Part III: El Pacifico

My stomach didn't feel good that next morning, and I was pretty nervous about what kind of ride I was about to take. We had no bathroom, and the house sat prominently on a little hill above other farms and houses. The cousin of the house's owner drove up to greet us and to get started with the day's construction. Meanwhile I prayed to la Virgen María that I wouldn't have to emergency-squat in front of all these nice people.

We piled up our sheets, swept the floor and got on our way—an early start made possible by our dry equipment sheltered from a night of misty rain. We followed Cait and Carp's advice from the day before to go a mile out of the way on Mex 1 to a restaurant and tienda for breakfast and resupply.

And guess who was already there? Cait and Carp, sitting at a big, round table by the patio with space for us all! They'd shown up the night before and slept in the entryway.

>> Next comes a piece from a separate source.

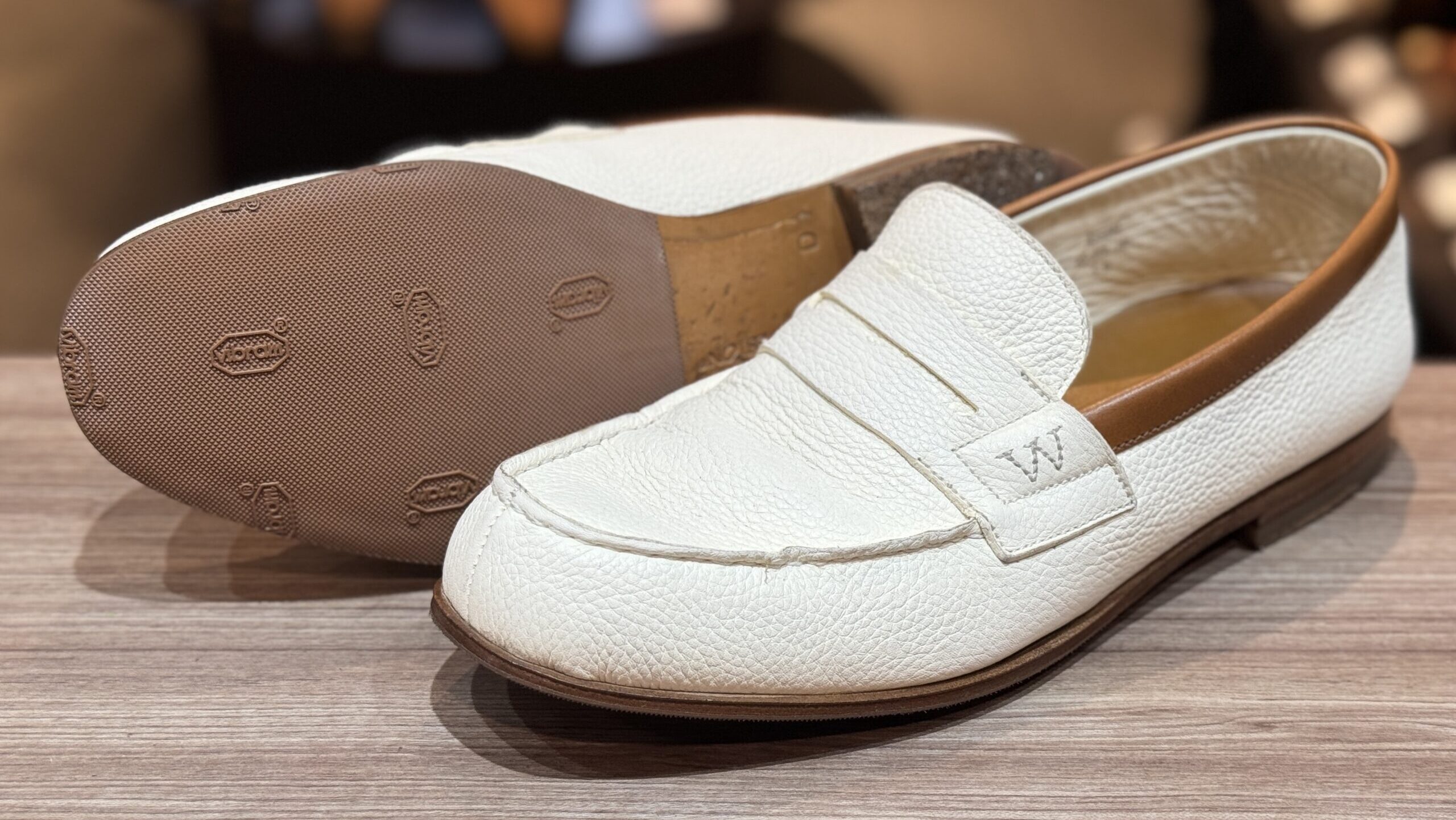 ハーフラバー修理後のJMウェストンローファーを俯瞰気味に写した完成図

I decided to stick to more "healthy" fare for breakfast, ordering some kind of crab and eggs thing with excellent tortillas that did nothing to ameliorate my gut—but luckily the store had a bathroom that I made use of twice during our time there. I bought a lot of Multi-Grano bars for some added fiber and the usual supplies, then we headed out with Rafa, Alex, Mariah, Cait and Carp as a unit. We rode the highway for a few miles before taking a right and going up a steep hill to start our climb over Baja's equivalent of the Oregon Coast Range. I dropped off the back of the group on a rolling downhill and yelled to Rafael not to wait for me as I ran behind a bush to dig a shallow hole.